Far be it from me to play armchair CEO (because my chair doesn’t even have arms), but these big developers have no clue what they’re doing.  Chasing trends, chasing dead-end trends, homogenization, bloated budgets, needless features, questing for money, questing for more money, breaking games over their knees just to squeeze out a few extra pennies -- it’s so much so often, and the games themselves have suffered as a result.   We’ve had so many cautionary tales over the years, but the lessons haven’t stuck to the people that matter.  Now the industry might as well be a parody of itself.  Why did Capcom try to sell us an $8000 jacket?  Why is Shenmue III, another Kickstarter Cinderella story, screwing over a decent chunk of its backers by staying locked behind the substandard Epic Games store?  Why would Squeenix outsource the remake to one of the most important games in history to a company whose track record for gameplay is well below par, and then run that decision back, which could only negatively affect the development cycle?

I would say that the answer to all of those questions and more is “money”.  Maximizing profits while minimizing costs.  But the way these guys run their businesses?  It’s more like they hate money.  To quote Pat from Castle Super Beast, companies exist to create value.  And they’re not.  Nowadays, there are so many games and so many companies that make me ask “how are they going to fuck it up?” because that’s exactly what they’ve done in the past.  And they’ll do it again.  They’ll sell out for the sake of profits that aren’t even guaranteed because they’re too busy vying for the sake of profits.  It makes them suffer.  It makes their employees suffer.  It makes the games suffer.  It makes us suffer.

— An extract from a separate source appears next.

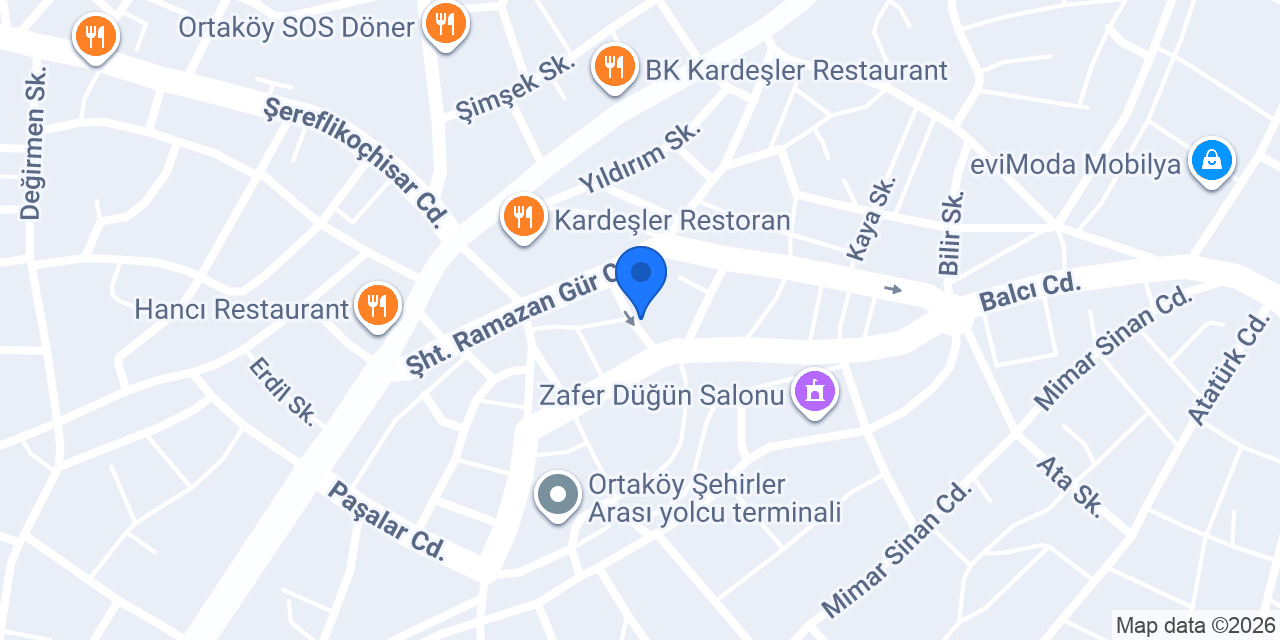 evhayaliniz.com konumu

And sometimes, I don’t want to deal with that.  Therefore…


It’s WAY too early for me to say anything substantial about Bloodstained, but I’m having fun with it.  I’m intrigued by it.  I want to play it more.  The cynic in me says that my appreciation of it just stems from my fond memories of playing/clearing Castlevania: Dawn of Sorrow -- to the point where a decent chunk of my time spent so far was while wielding a massive axe, just like I did with Soma’s big adventure -- but at least I have appreciation.  Pared down to basics?  Yes, it’s just another Castlevania.  Guess what?  Castlevania is good.  Even if I’m only two hours in, the prospects of this game are exciting.  Exploring a castle.  Surviving one near-death encounter after another.  Building a character that suits my tastes to the letter.  Using the accessories given to make Miriam into the ultimate waifu…as one would.

There was always the question in the back of my mind over whether or not Bloodstained would actually be good.  As part of the trinity of fan-supported spiritual successors, I wondered if it would share the same fate as Mighty No. 9 and Yooka-Laylee.  Right now, it looks like I didn’t have to worry at all.  Even if Metroidvania-types are pretty common these days, getting a fresh installment from one of the genre kingpins is a sweet fortune.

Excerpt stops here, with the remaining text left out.